The Group represents clients with various investment approaches, from those who take a “lending” approach to those who take an “equity” approach, or those who take a mix of these two. Our methodology is enabled by, and is the result of, the multidisciplinary team we use to handle mezzanine financing. The Group is composed of attorneys from practice areas including our Commercial Finance & Banking Practice Group, our Private Equity Practice Group and our Corporate & Securities Practice Group.
The Group has extensive experience in documenting, negotiating and administering complex mezzanine and unitranche debt transactions; advising lenders on strategic lending and equity issues and in the day-to-day maintenance of existing credit facilities; and modifying existing loan documentation to deal with changes in a borrower’s business and creditworthiness. We understand the complex tax issues presented by different securities and structures from the perspective of both the borrower and the lender. This includes unique tax issues raised by mezzanine financing terms, such as those derived from the OID (Original Issue Discount), UBTI (Unrelated Business Taxable Income) and AHYDO (Applicable High Yield Debt Obligation) rules. We also understand both the business and legal complexities of the intercreditor arrangements.

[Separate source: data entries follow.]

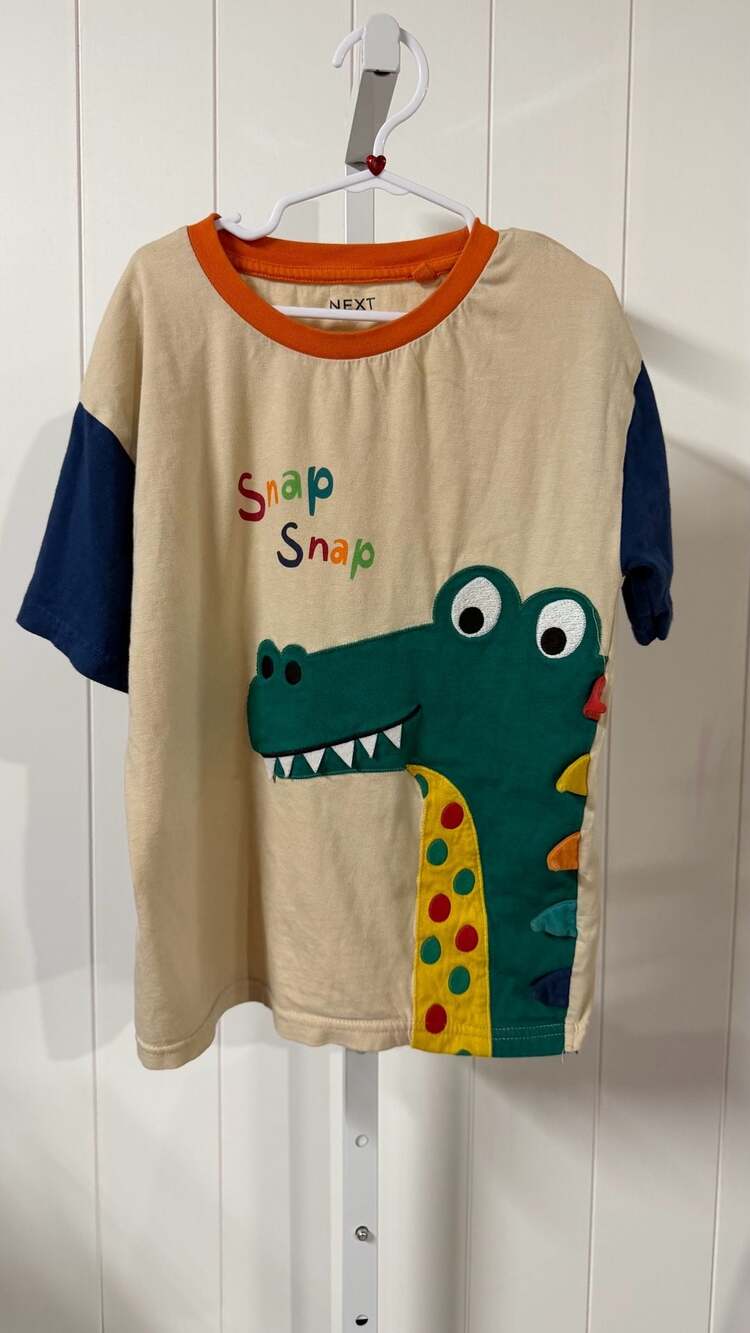 Next Snap Snap Dinosaur Applique Colorblock T-Shirt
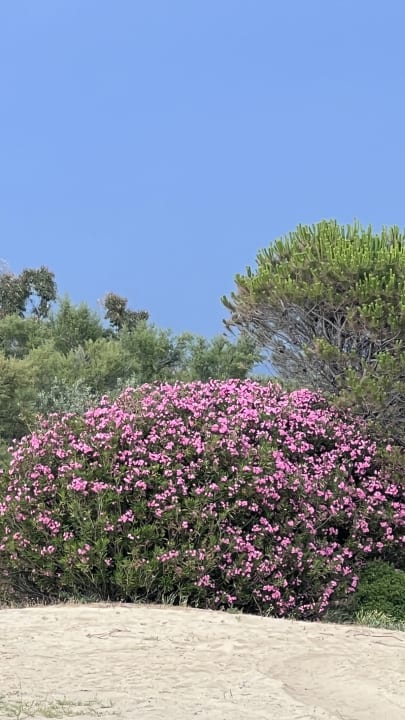 Strand TUI MAGIC LIFE Calabria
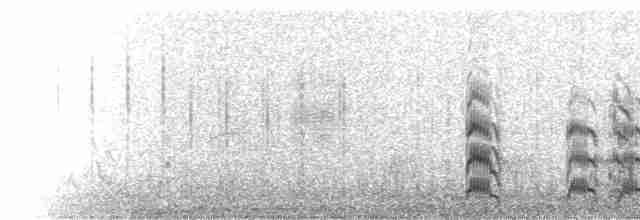  - Snowy-crowned Tern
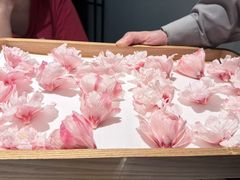 -炳胜品味(深圳湾万象城店)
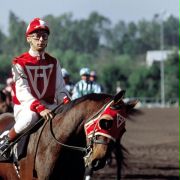 Niepokonany Seabiscuit - galeria zdjęć - filmweb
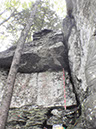 PA040039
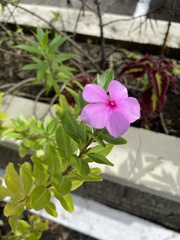 Catharanthus roseus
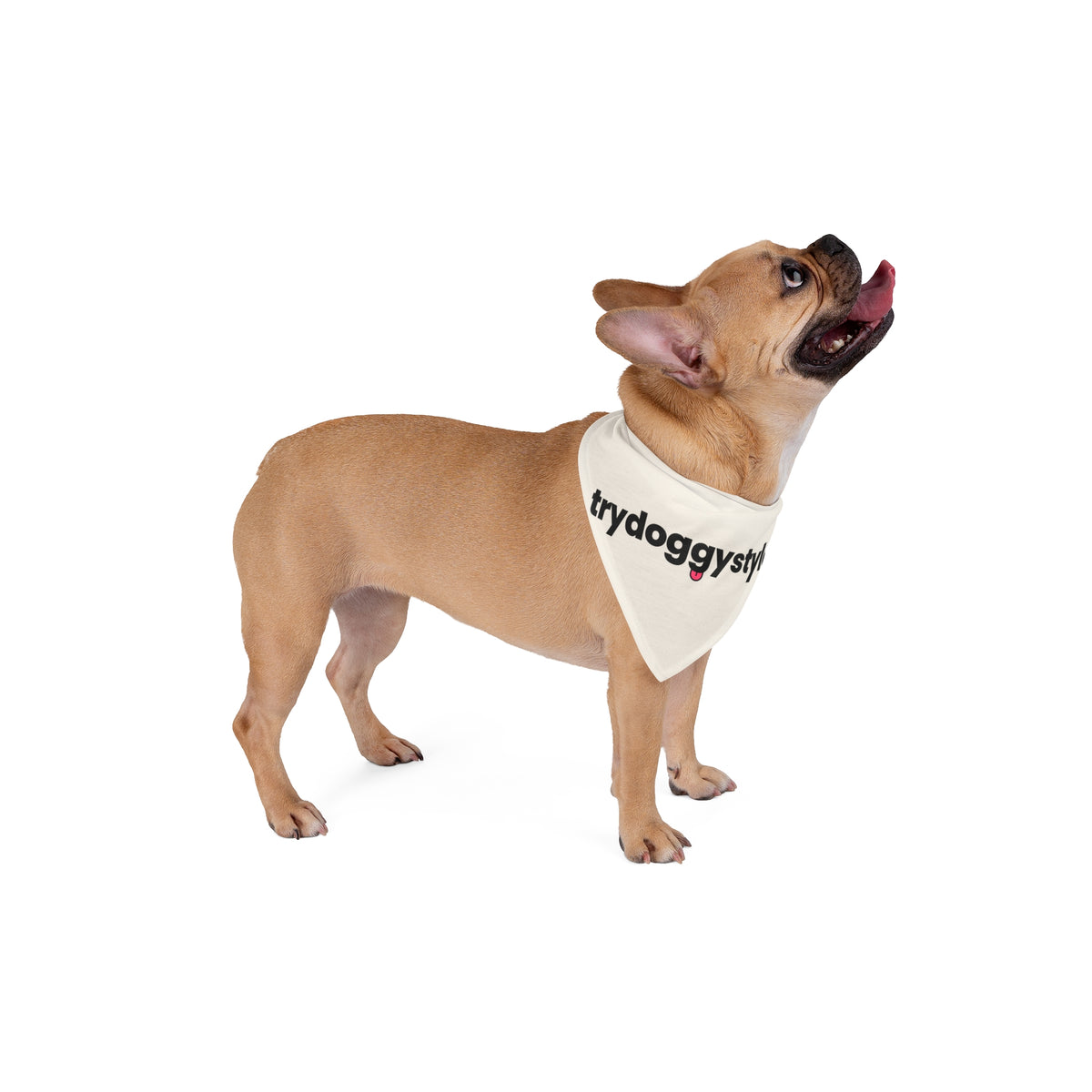 Doggystyle Dog Bandana
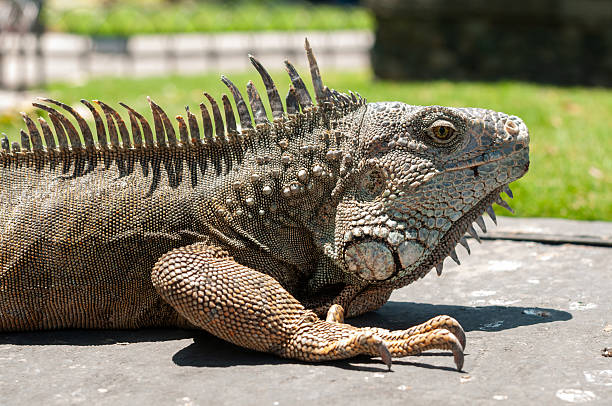 istock Green Iguana in Iguana Park, Guayaquil 2222975906
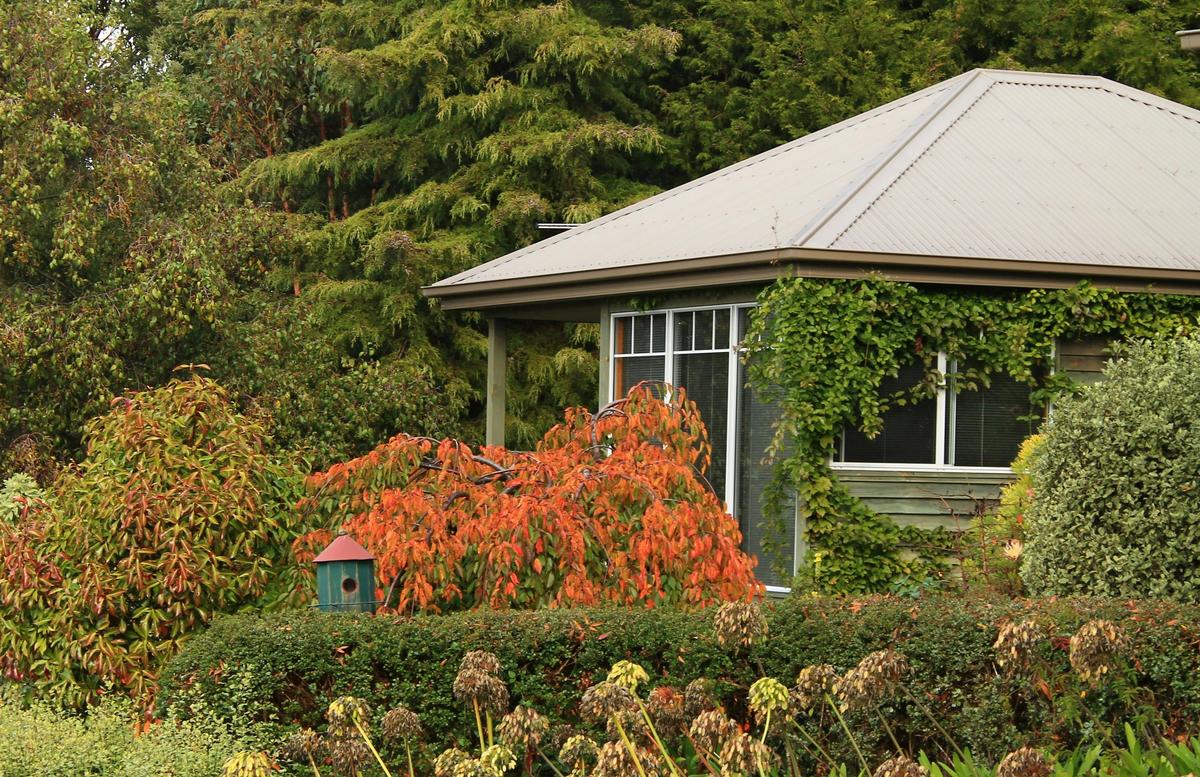 Cove Cottage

The Group’s approach includes careful analysis of equityholder rights and exit strategies at the outset of each transaction. The Group has participated in a significant number of transactions which have matured to exit, with institutional investors (as well as management, private equity professionals and other equity participants) realizing on their investment through sales to strategic and financial buyers, initial public offerings and recapitalization. These successful exit transactions underscore the importance of strategic exit analysis at the outset of every private equity transaction, including the protection of the mezzanine lender’s equity interest through tag-along rights, preemptive rights, rights of first refusal and anti-dilution provisions, as well as registration rights and put rights.